さらに900を成功させた同年には、トニー・ホークの名を冠したスケートボードのテレビゲーム『Tony Hawk’s Pro Skater』が発売され世界中で大ヒットを記録。翌年にリリースされた第2弾とともに2000年代初頭におけるテレビゲーム業界のベストセラーとなった。本作はスケートボードをさらに一般大衆に浸透させただけでなく、スケートコミュニティの環境改善にも貢献する。

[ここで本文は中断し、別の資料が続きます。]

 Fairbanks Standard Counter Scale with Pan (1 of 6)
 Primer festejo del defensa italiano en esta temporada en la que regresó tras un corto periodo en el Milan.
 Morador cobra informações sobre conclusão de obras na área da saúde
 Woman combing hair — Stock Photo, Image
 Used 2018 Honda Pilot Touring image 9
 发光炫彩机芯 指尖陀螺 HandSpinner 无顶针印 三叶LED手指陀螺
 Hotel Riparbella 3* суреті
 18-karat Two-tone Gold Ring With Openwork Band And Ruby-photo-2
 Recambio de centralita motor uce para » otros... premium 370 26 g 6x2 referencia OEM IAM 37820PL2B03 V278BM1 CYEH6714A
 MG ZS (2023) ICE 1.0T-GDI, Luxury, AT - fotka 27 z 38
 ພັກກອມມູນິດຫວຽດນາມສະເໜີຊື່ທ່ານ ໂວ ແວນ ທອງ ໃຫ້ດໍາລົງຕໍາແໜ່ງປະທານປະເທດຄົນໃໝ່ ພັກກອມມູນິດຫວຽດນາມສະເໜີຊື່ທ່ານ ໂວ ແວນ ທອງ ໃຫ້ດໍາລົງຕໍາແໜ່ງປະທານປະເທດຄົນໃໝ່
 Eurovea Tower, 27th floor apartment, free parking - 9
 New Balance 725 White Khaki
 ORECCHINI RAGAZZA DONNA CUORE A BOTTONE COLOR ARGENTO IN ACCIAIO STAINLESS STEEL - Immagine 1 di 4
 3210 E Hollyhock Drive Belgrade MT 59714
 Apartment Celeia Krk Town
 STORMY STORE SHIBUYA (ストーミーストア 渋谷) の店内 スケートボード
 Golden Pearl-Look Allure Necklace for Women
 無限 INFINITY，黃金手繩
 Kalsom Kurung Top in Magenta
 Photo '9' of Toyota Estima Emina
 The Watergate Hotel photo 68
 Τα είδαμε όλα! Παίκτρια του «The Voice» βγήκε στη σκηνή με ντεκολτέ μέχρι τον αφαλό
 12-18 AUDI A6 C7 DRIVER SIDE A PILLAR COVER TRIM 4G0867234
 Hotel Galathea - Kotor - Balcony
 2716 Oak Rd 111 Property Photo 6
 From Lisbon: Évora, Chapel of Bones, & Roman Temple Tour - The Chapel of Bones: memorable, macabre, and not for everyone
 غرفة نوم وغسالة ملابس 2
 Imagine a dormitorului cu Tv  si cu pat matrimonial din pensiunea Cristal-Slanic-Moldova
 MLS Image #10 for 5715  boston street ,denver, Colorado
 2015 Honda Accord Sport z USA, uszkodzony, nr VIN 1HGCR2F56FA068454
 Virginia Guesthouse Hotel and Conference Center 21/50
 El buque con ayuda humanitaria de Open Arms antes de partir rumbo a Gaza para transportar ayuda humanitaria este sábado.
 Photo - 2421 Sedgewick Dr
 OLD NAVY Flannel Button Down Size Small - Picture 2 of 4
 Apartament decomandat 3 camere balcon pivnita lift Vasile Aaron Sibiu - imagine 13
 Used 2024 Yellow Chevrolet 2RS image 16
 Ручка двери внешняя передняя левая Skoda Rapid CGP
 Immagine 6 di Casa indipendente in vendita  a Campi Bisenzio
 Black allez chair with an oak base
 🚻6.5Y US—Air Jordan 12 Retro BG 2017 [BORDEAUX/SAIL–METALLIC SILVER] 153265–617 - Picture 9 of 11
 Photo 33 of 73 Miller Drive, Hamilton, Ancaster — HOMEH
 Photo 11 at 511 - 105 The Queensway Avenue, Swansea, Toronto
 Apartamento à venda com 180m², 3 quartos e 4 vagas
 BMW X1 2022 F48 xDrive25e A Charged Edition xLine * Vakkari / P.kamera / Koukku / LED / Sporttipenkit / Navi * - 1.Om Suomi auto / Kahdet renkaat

ゲームのキャラクターとして起用されたプロスケーターたちの生活が本シリーズによって経済的に好転。これはスケーターだけで回してきた内輪のスケートコミュニティに外部の資本が加わり成功を収めた最たる例だと言える。アメリカで「なりたい職業」の上位にプロスケーターがランクインしているのは、トニー・ホークの功績が大きい。
世界的ブランドの参入で“10億ドル市場”へ
そうして2000年代に突入すると、大衆に広まったスケートボードはポップカルチャーにも取り入れられるようになっていく。アヴリル・ラヴィーンの“スケーター・ボーイ”、プロスケーターを起用したMTVのリアリティ番組『Jackass』、さらにはMountain Dew主催の大規模なコンテストシリーズDew Tour、2010年にはStreet Leagueもスタートする。ちなみにStreet Leagueとは、五輪のストリート種目で採用されているルールを構築したコンテストである。